Provide CFE functionality whether is/as checks can omit checking the type arguments

mkustermann commented 9 months ago

For backends it's usually much simpler & faster to check whether an object is an instance of a class than to check whether it's an instance of an interface type with arguments.

Concretely, we have <obj> is/as <type> expressions where <type> is an InterfaceType but with non-defaults-to-bounds type arguments. Doing those checks is expensive.

Now there's a subset of cases where we actually have a static guarantee that the type arguments will match and therefore don't have to be checked, reducing the check to a simple obj instanceof Class check.

Here's a few examples where type argument checks are not needed:

class B0<T> {}
class B1<T, H> extends B0<int> {}
class B2<T> extends B1<T, T> {}

main() {
  final B1<num, num> a
  a is B2<num>

  final B1<int, int> a
  a is B2<num>
  a is B2<int>

  final B1<List<int>, List<int>> a
  a is B2<List<num>>
  a is B2<List<int>>
}

class X<T extends num> {
  void test1() {
    final Iterable<T> a;
    a is List<T>;

    final B1<T, T> a
    a is B2<T>

    final B1<List<T>, List<T>> a
    a is B2<List<T>>
    a is B2<List<num>>
  }
}

The algorithm to determine whether type arguments don't have to be checked for a <obj> is X<A0, ... An> with <obj> having static type Y<B0, ..., Bm> could be something like this:

Take the raw/this-type of X, i.e. X<X::T, X::T2, X::T3>
Find the path from X to Y
Apply the super types from this path using the raw type
Match the resulting Y<Expr-1(X::T1..Tn), ..., Expr-m(X::T1..Tn)> against the static type of operand (Y<B0, ..., Bm>)
- finding values for all type parameters X::T1 ... X::Tn
- if we find consistent assignments Operand(X::Ti) for all X::Ti
- and X<Operand(X::Ti), ..., Operand(X::Tn)> is a subtype of X<A0, ..., An>
- then we can skip checking the type arguments and only check whether obj is an X.

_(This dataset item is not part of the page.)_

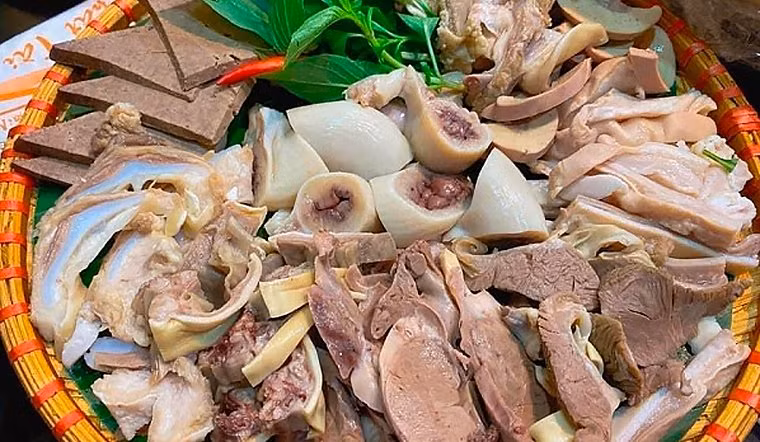 Vo chong cung bi nhoi mau nao, thu pham la loai gia vi nay-Hinh-3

So the concrete request I have is

Could CFE team make such an algorithm available in package:kernel/*.dart
Could the CFE annotate AsExpression and IsExpression with a bit indicating whether the type arguments don't need to be checked

/cc @johnniwinther @chloestefantsova?

chloestefantsova commented 9 months ago

That's a very neat optimization that I believe is quite possible, so my answer to both questions would be "yes". I also think it shouldn't take much time, and I'd be happy to implement it.

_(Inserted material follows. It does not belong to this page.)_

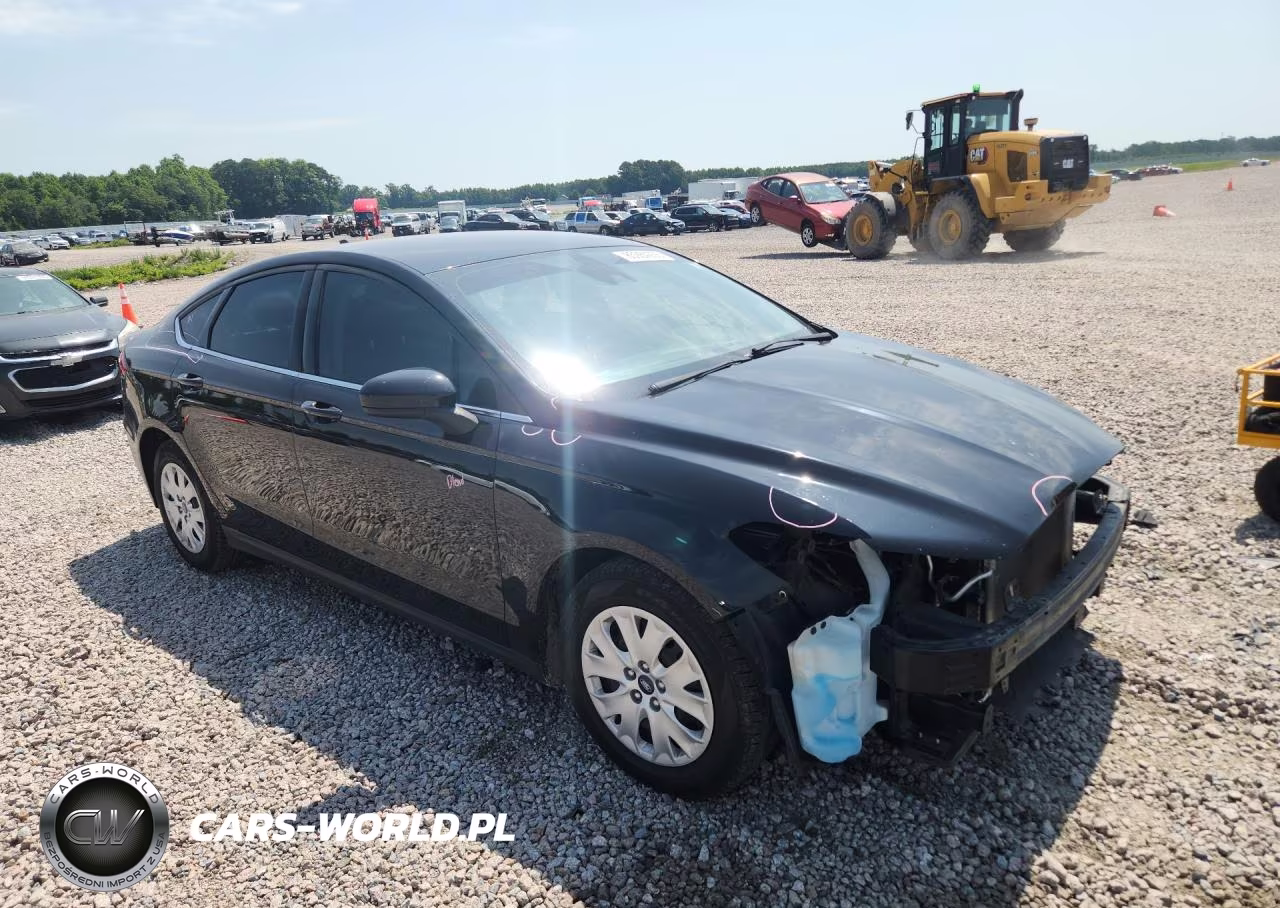 2020 Ford Fusion S VIN:3FA6P0G74LR245158 - 4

A related question is how useful such a bit on AsExpression and IsExpression would be to other backends.

@johnniwinther WDYT?

johnniwinther commented 9 months ago

That seems like a valuable flag to have on AsExpression and IsExpression.

@mkustermann Would it be useful for your use-case to also mark checks against record types as "only structural" (for instance is (Object?, Object?)?

mkustermann commented 9 months ago

I also think it shouldn't take much time, and I'd be happy to implement it.

See simple version in cl/353900 (as part of a bugfix in dart2wasm compiler)

@mkustermann Would it be useful for your use-case to also mark checks against record types as "only structural" (for instance is (Object?, Object?)?

That may be helpful yes, as we can have fast ways to check whether an object has a certain shape.

A related question is how useful such a bit on AsExpression and IsExpression would be to other backends.

Definitely useful for wasm, vm. Very likely also for dart2js /cc @rakudrama

chloestefantsova commented 9 months ago

@mkustermann I'm looking into this optimization now, and I have multiple design alternatives for the flags on IsExpression and AsExpression. Basically, we have two boolean parameters that we can variate the number and the meaning of the flags with: (1) whether we want type-kind specific flags or not, and (2) whether we want the distinction between operand-dependent and operand-independent shape checks or not.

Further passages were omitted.